Goal of the exercise: In the data below, the answer is the run of lines from the line containing "Top Long Sleeve" through the line containing "[Katalogkarte Dissertationenkatalog bis", both included; print it exactly and nothing else.

Extracted records:

◇ ◇ ◇ ◇ ◇

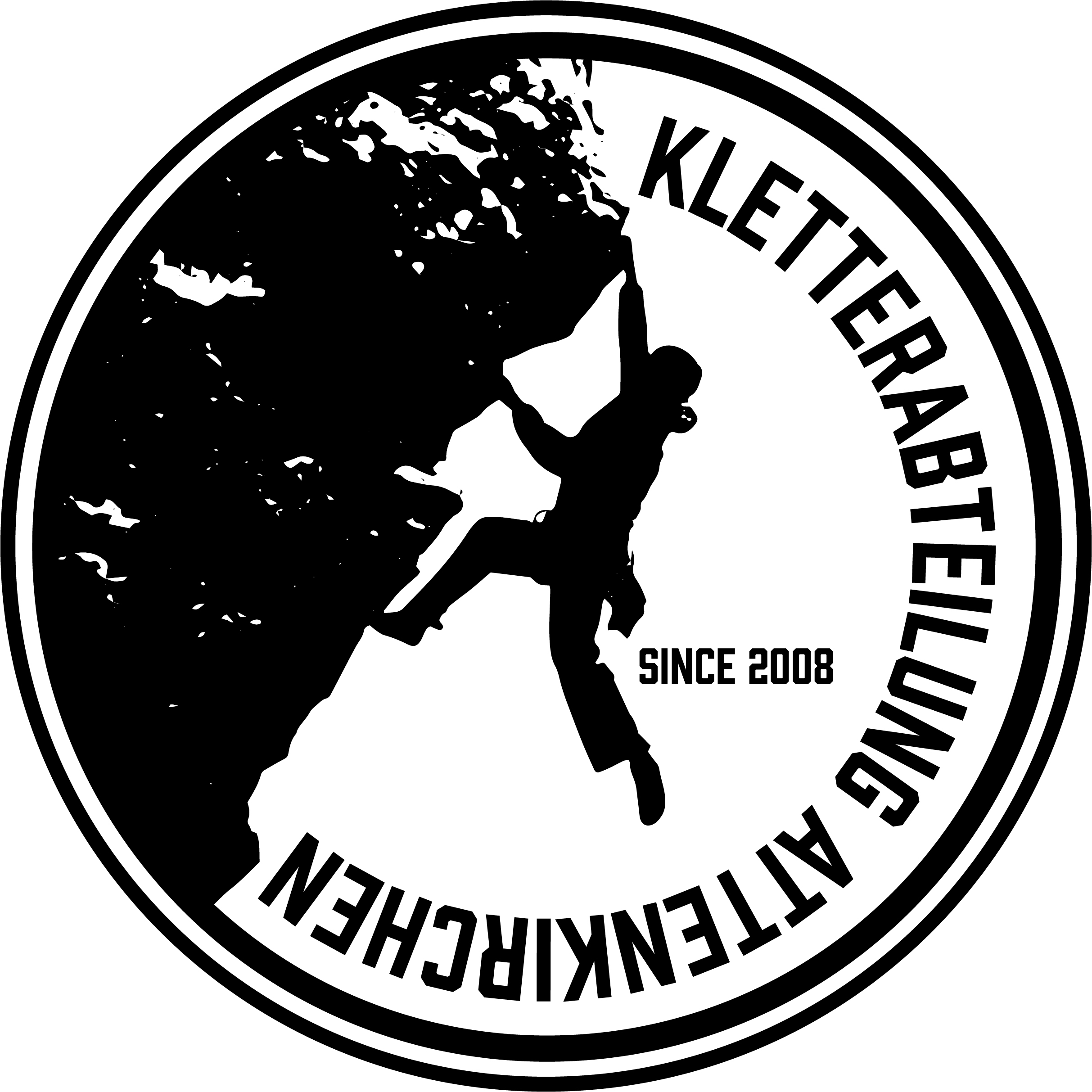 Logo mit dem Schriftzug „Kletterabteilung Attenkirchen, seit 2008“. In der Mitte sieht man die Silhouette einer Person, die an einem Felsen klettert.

◇ ◇ ◇ ◇ ◇

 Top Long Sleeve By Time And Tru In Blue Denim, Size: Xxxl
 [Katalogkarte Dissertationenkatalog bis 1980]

◇ ◇ ◇ ◇ ◇

Your solution:
 Top Long Sleeve By Time And Tru In Blue Denim, Size: Xxxl
 [Katalogkarte Dissertationenkatalog bis 1980]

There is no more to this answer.